▶ _Information shown_:

Segment Open

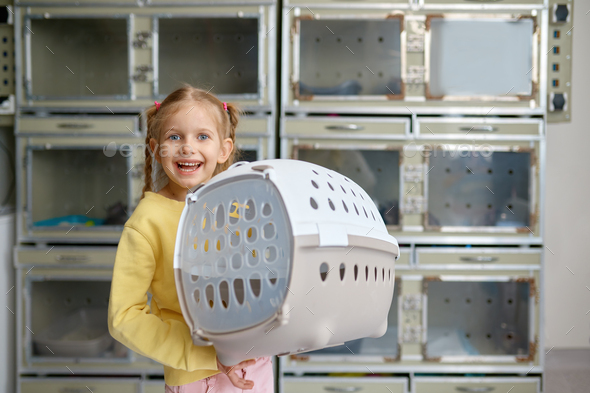 Portrait of little girl holding cage with new pet bought at veterinary shop - Stock Photo - Images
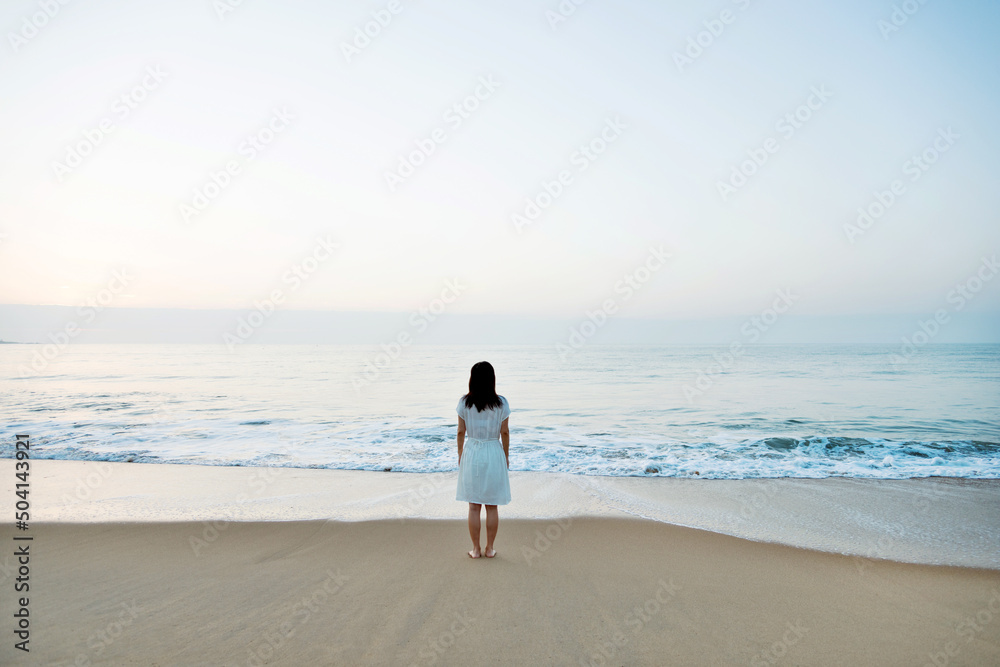 Young asian woman relaxing on the beach at sunrise. Young asian woman relaxing on the beach at sunrise.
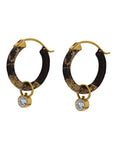 Black Pair of hoop earrings with gold accents and diamonds on a white background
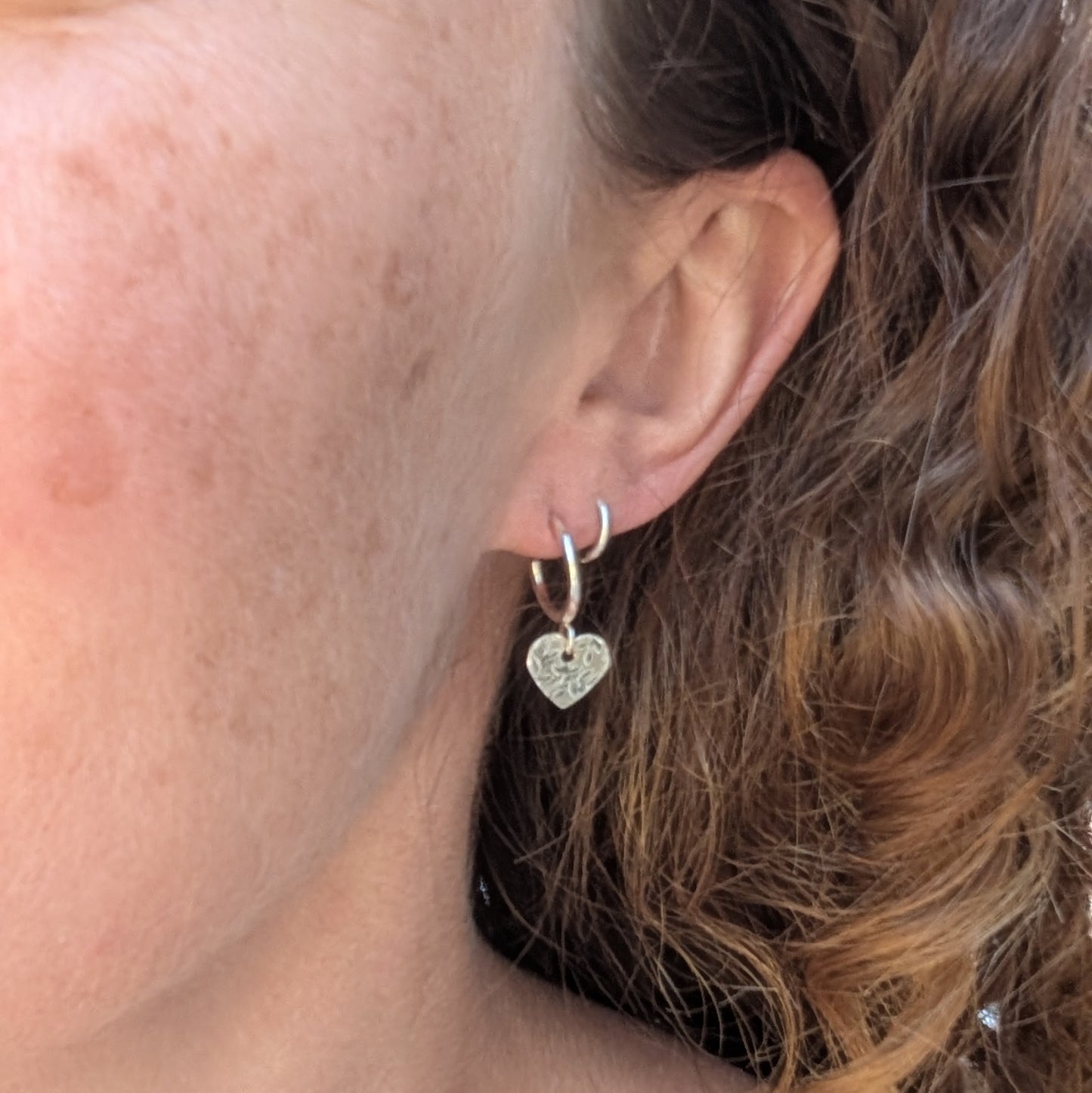 Silver heart drop hoop earrings handmade from recycled Sterling Silver worn in the ear showing their size and fit.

Segment Closed

▶ _Prompt_:
Write out again, exactly, the lines from the start of the listing up to the line containing "Black Pair of", with both ends and without pictures.

▶ _Answer_:
 Portrait of little girl holding cage with new pet bought at veterinary shop - Stock Photo - Images
 Young asian woman relaxing on the beach at sunrise. Young asian woman relaxing on the beach at sunrise.
 Black Pair of hoop earrings with gold accents and diamonds on a white background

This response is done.